Mestis - Basal Ganglia 11/27/12 - YouTube

Awesome news


----------



## Fiction (Oct 3, 2012)

Damn that sounds sweet, me gusta!

Edit: This will top Weightless for me.


----------



## Stealthdjentstic (Oct 3, 2012)

I have a feeling im going to like this a lot more than AAL. That riff at :59 is awesome


----------



## isispelican (Oct 3, 2012)

cant wait for this!


----------



## asher (Oct 3, 2012)

SO AWESOME.


----------



## GXPO (Oct 3, 2012)

Definately interested...


----------



## Equivoke (Oct 3, 2012)

Sounds really cool.


----------



## Semichastny (Oct 3, 2012)

Don't like AAL, but I really am digging this.


----------



## Blasphemer (Oct 3, 2012)

This is going to be great, but lets not kid ourselves, since it's coming out on Sumerian, it won't come out for at least another year and a half


----------



## 1337 (Oct 4, 2012)

Yea definitely digging this!


----------



## ShadowFactoryX (Oct 4, 2012)

he's needed to do this for a while
too many people put this dude in the back drop. he's a phenomenal guitarist, glad to see he's finally going to get some more recognition to his top notch skills


----------



## celticelk (Oct 4, 2012)

Based on the teaser, I'm definitely interested. Good to see Javier getting a chance to step out front with his own music.


----------



## Scattered Messiah (Oct 4, 2012)

really liking the post-ish / psychedelic vibe that seems to shine through here a bit 
Sumerian should really not mess this up, as I got instahyped just by the first riff!!!


----------



## Seanthesheep (Oct 4, 2012)

wow, Im really digging the second half of that vid. you can hear the AAL influence but this sounds like its trying to tell more of a story. really pumped to see how this actually turns out, ad ill be buying for sure!


----------



## FireInside (Oct 5, 2012)

I am very excited about this. Hopefully Javier finally gets the recognition he deserves. VERY underrated guitar player.


----------



## Hallic (Nov 6, 2012)

Im really curious/lookin forward to this 

felt like leaving this here

Qtuner FTW


----------



## bhakan (Nov 6, 2012)

Damn! I got all excited because I thought there might have been a song or clip from the album. 
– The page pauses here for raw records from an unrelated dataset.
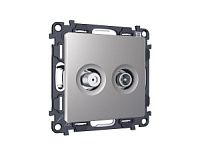 Комплект механизма розетки TV оконечной + SAT 5-862MHz 3.5dB/950-2150MHz 3.5dB , сталь, MA513310 Ambrella Volt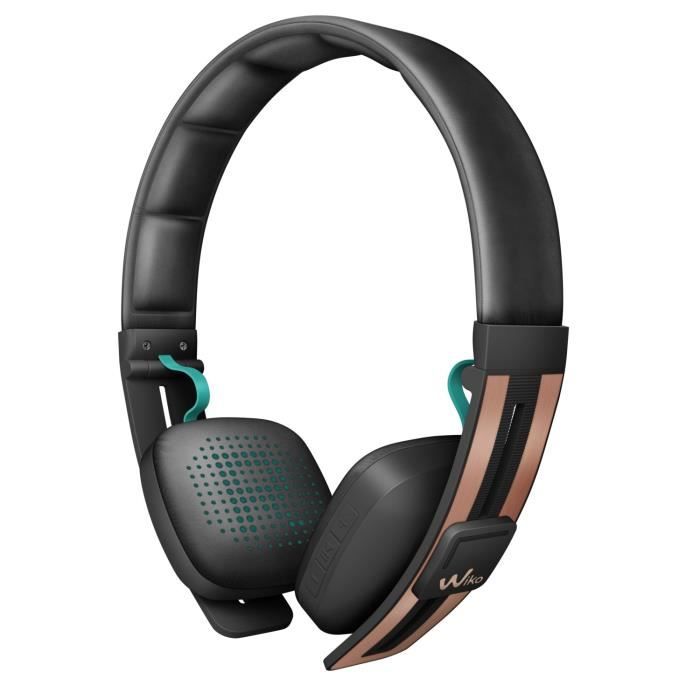 Wiko Casque bluetooth Wishake Noir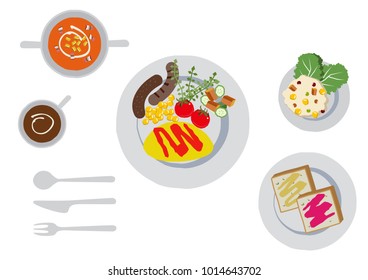 Illustration of cooking.
Image of breakfast. Omelette clip art.
Illustration of snacks.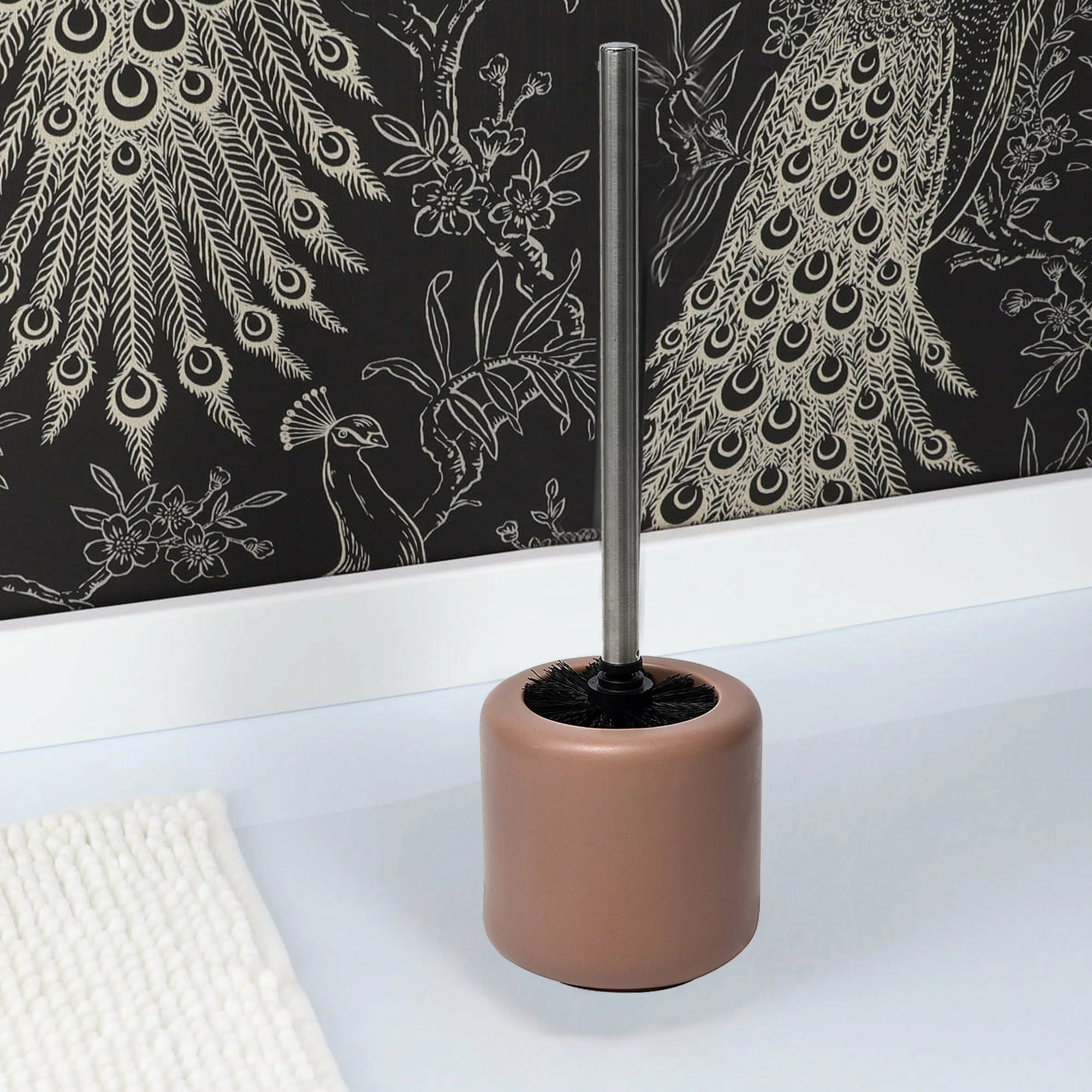 Cheap 𧨠Evideco Nordic Freestanding Toilet Brush And Holder Set Peach Color Blush βοΈ 3 Cheap 𧨠Evideco Nordic Freestanding Toilet Brush And Holder Set Peach Color Blush βοΈ - Image 3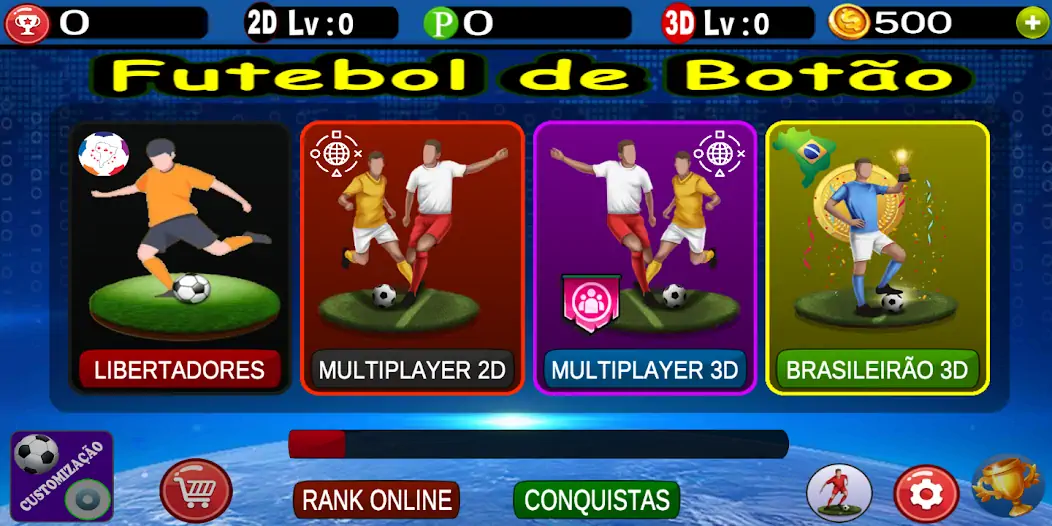 Скачать Futebol de Botão [MOD Много монет] на Андроид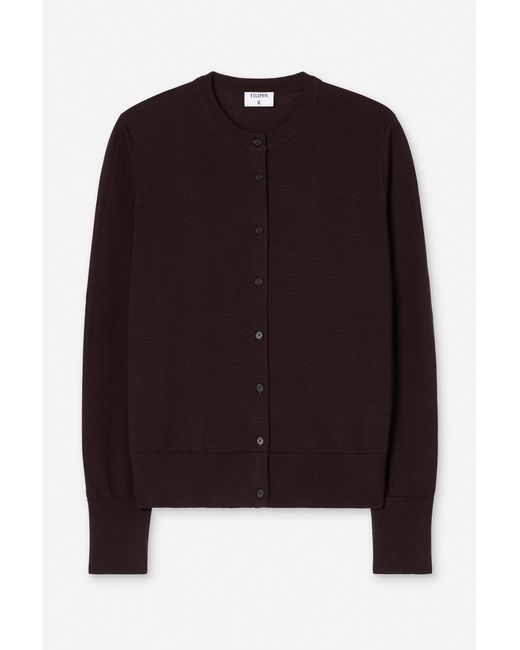 Filippa K Black Merino Short Cardigan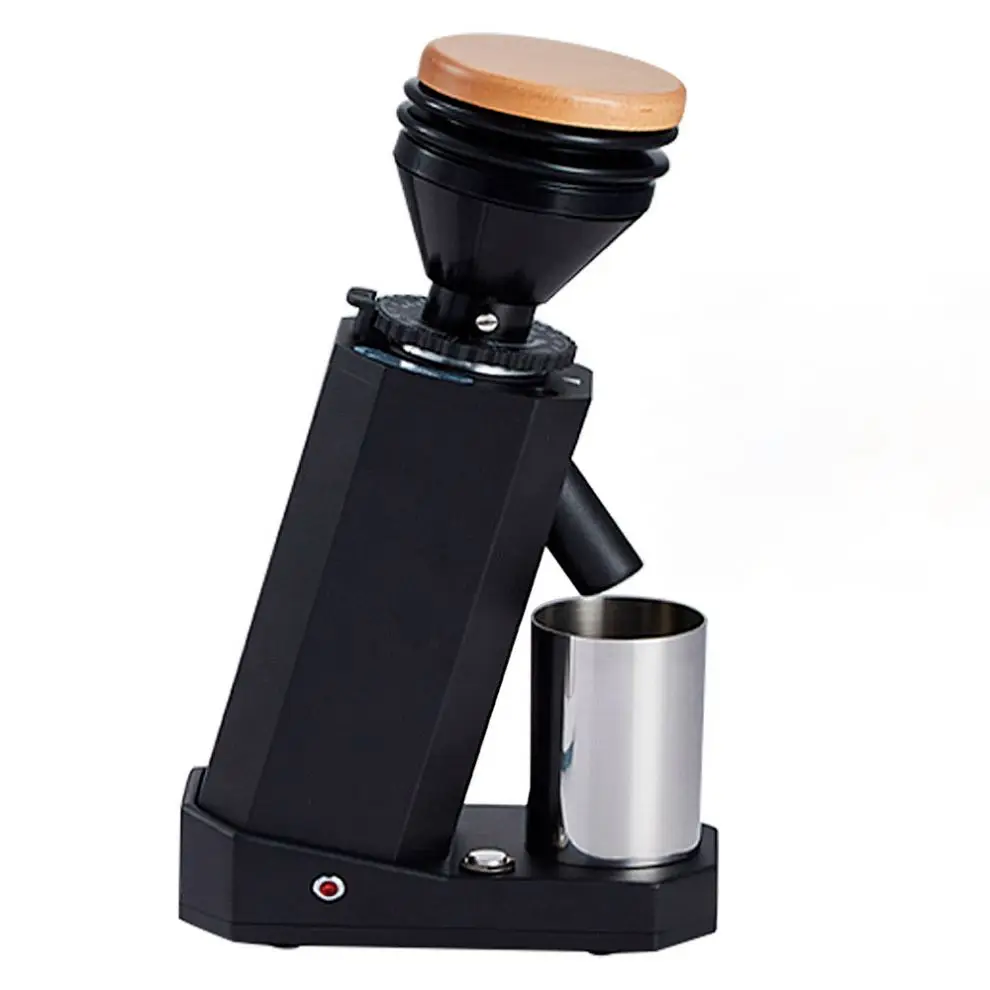 TEBAK 110V/220V Titanium Conical Burr Coffee Grinder Metal Coffee Grinder Household Conical Burr Coffee Bean Grinder Electric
I'm very interested in this. Sounds like Animals As Leaders had a baby with Mastodon, which seems amazing to me.


----------



## matt397 (Nov 15, 2012)

Heres a preview of "Luz u Cielo" 






What do you think, ss.org ? Sounds interesting to my ears and I'm excited. 

Even if all that I take from this is just more AAL then I would be quite content 

with that.


----------



## Winspear (Nov 15, 2012)

All the videos on his youtube channel are fantastic

I very much look forward to this album


----------



## bhakan (Nov 15, 2012)

EDIT: No longer relevant since the threads got merged.

Definitely excited by this. Sounds really cool.


----------



## BIG ND SWEATY (Nov 15, 2012)

honestly this doesnt sound very interesting to me, i was really hoping for some more David esque material


----------



## Philligan (Nov 15, 2012)

bhakan said:


> I'm very interested in this. Sounds like Animals As Leaders had a baby with Mastodon, which seems amazing to me.



I came here to say this.

Preordered.


----------



## Vicissitude27 (Nov 15, 2012)

I think this will be the best instrumental release this Christmas season! 

imo.


----------



## simonXsludge (Nov 16, 2012)

Stealthdjentstic said:


> I have a feeling im going to like this a lot more than AAL.


Yup. I feel similiar. Wasn't a huge fan of the latest AAL output and Tosin's talent and technique is generally more fascinating than some of the music that is coming out of it.


----------



## Stealthdjentstic (Nov 16, 2012)

shitsøn;3273868 said:


> Yup. I feel similiar. Wasn't a huge fan of the latest AAL output and Tosin's talent and technique is generally more fascinating than some of the music that is coming out of it.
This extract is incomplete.